### Problem requirements
Pictures within the data are to be left out; everything else must be reproduced exactly.

### Exercise data
####################

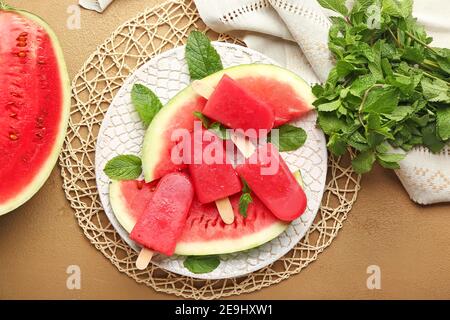 Zusammensetzung mit Wassermelone Eis auf dem Tisch Stockfoto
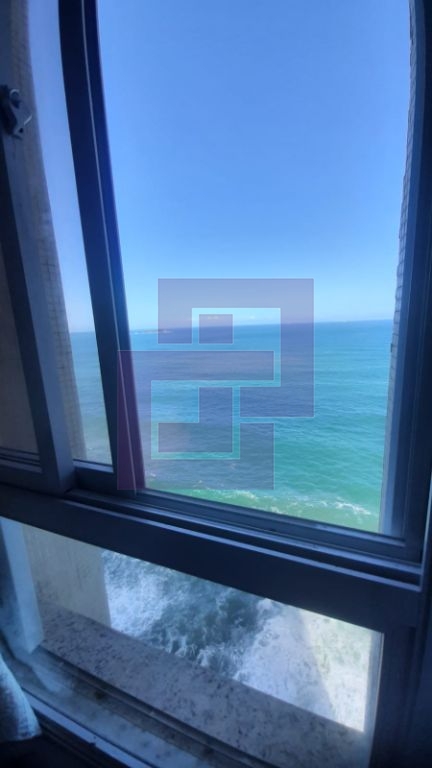 Vista total para o mar , reformado !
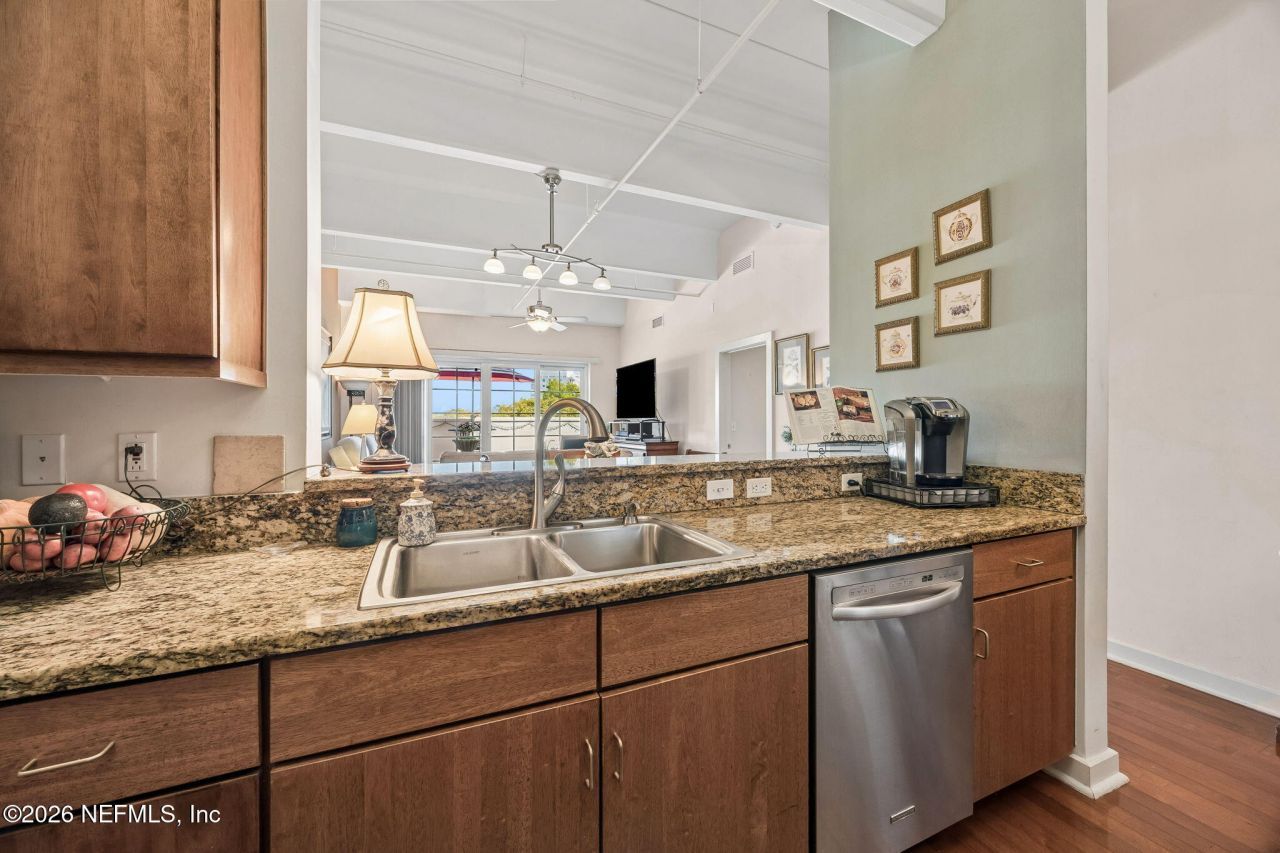 1661 Riverside Avenue, Unit 410, Jacksonville, FL 32204 Photo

####################

### Solution for this task
 Zusammensetzung mit Wassermelone Eis auf dem Tisch Stockfoto
 Vista total para o mar , reformado !
 1661 Riverside Avenue, Unit 410, Jacksonville, FL 32204 Photo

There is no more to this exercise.